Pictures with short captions
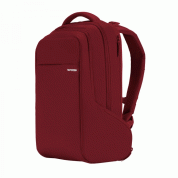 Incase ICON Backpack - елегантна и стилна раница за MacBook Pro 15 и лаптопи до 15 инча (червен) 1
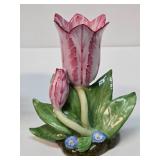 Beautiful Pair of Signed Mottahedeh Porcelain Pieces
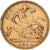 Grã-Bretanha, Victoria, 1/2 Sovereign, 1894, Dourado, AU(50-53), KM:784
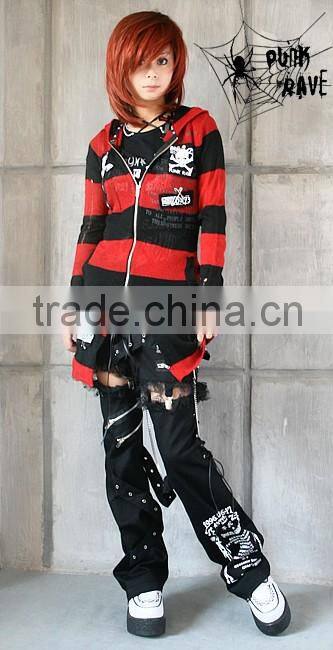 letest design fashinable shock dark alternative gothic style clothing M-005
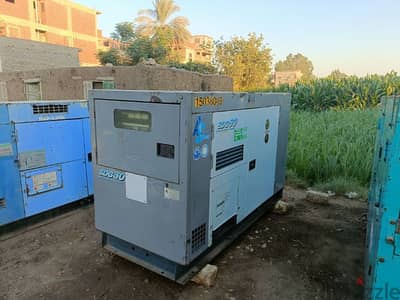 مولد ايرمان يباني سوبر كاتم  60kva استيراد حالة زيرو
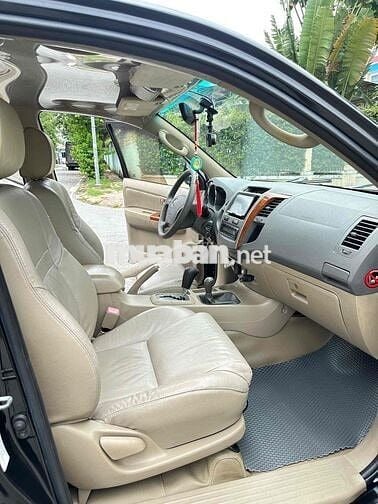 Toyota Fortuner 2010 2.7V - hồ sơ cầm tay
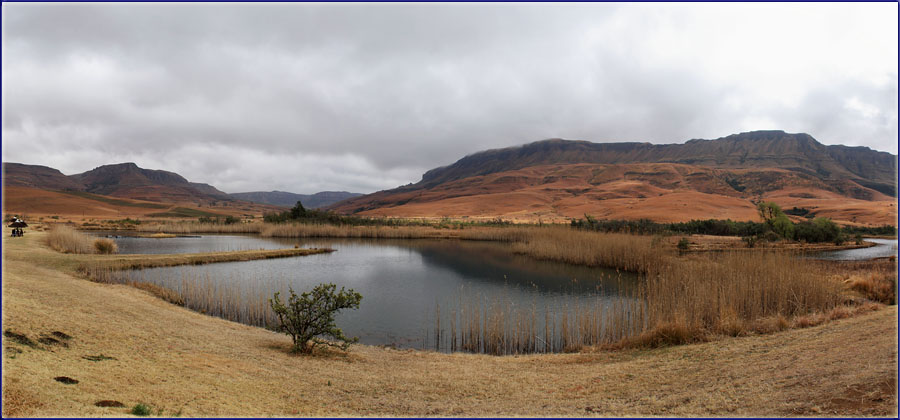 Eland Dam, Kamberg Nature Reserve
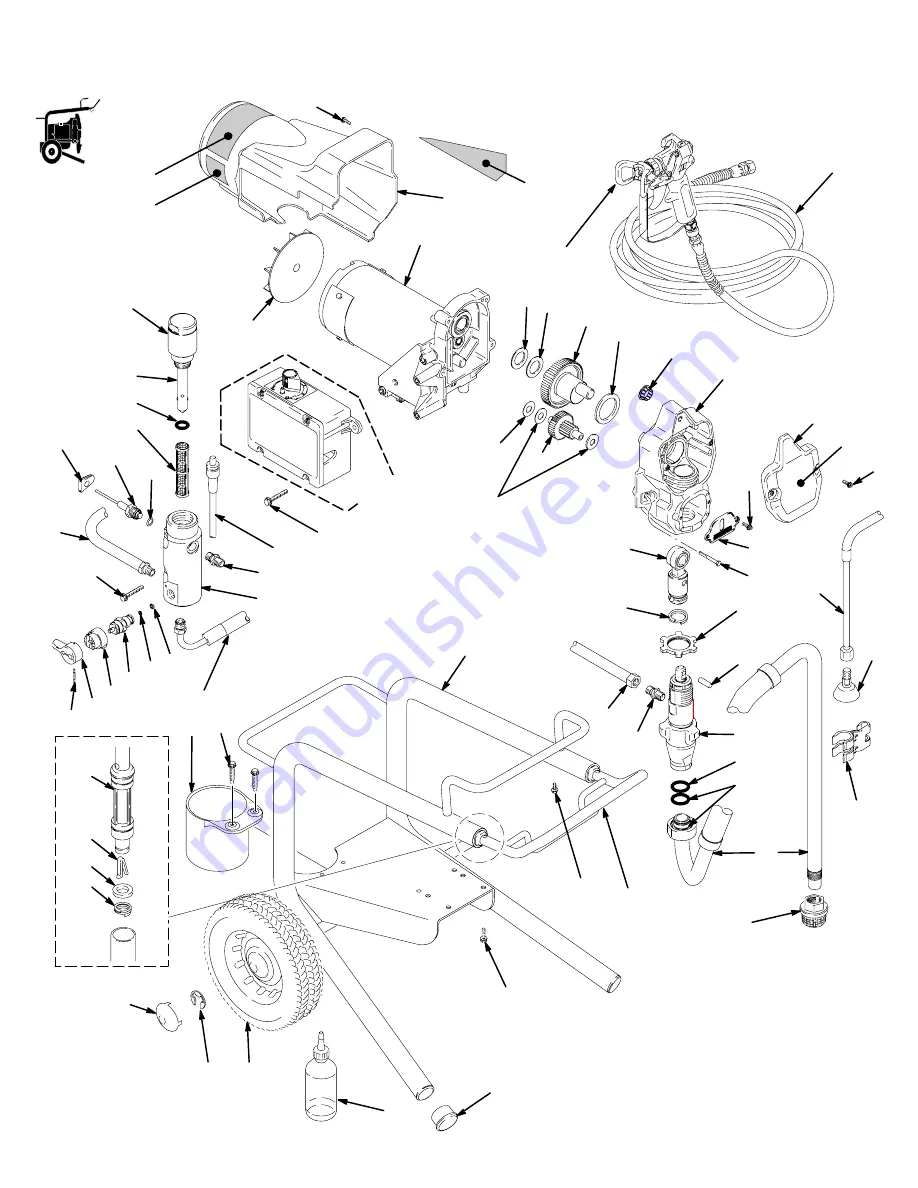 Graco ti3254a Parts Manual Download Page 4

==

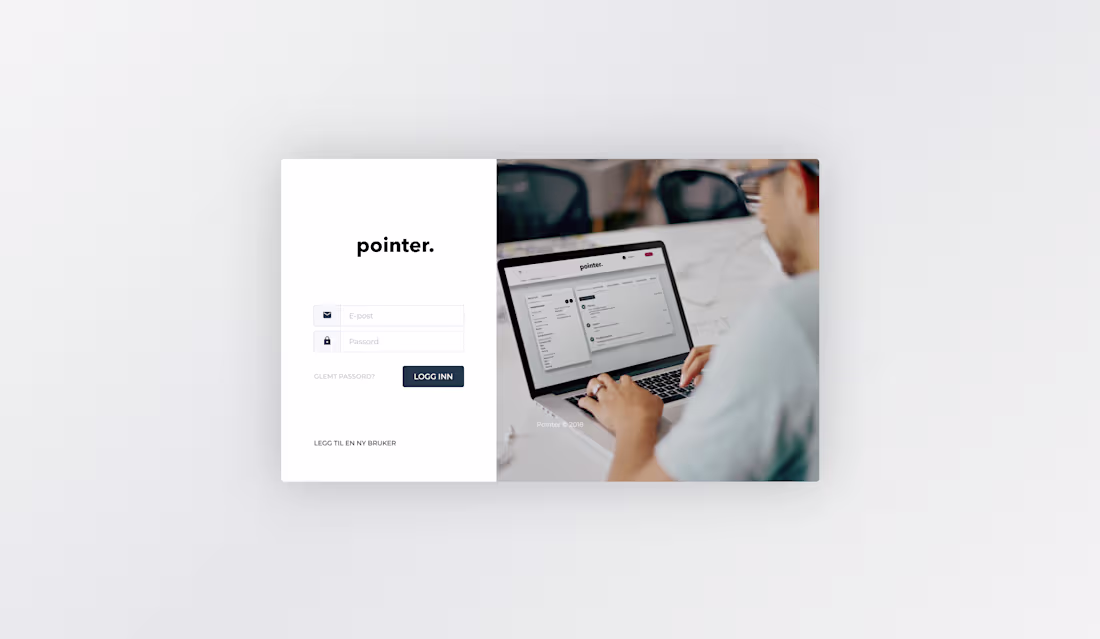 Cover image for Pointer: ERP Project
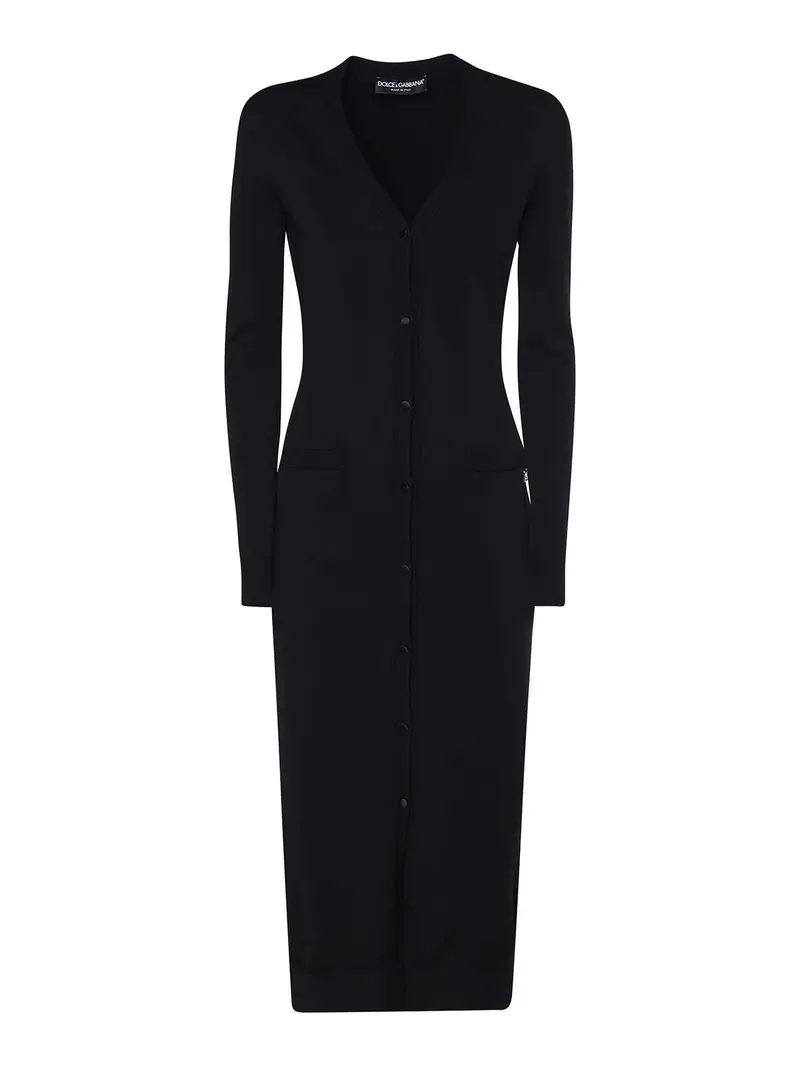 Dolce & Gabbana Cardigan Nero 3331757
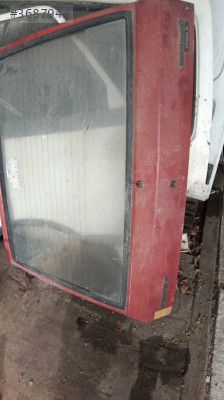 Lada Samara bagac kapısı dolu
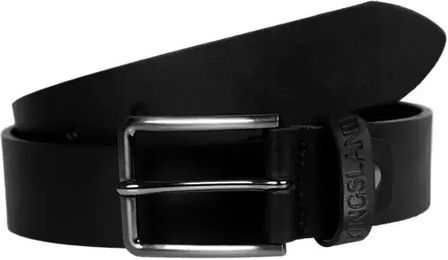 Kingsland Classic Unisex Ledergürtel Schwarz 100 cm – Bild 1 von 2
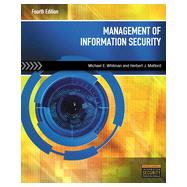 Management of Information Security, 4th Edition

→ What is being asked
Lines from the one above containing "Cover image for Pointer: ERP Project" down to the one containing "Management of Information" should be transcribed exactly, with both ends kept and no pictures.

→ Task response
 Cover image for Pointer: ERP Project
 Dolce & Gabbana Cardigan Nero 3331757
 Lada Samara bagac kapısı dolu
 Kingsland Classic Unisex Ledergürtel Schwarz 100 cm – Bild 1 von 2
 Management of Information Security, 4th Edition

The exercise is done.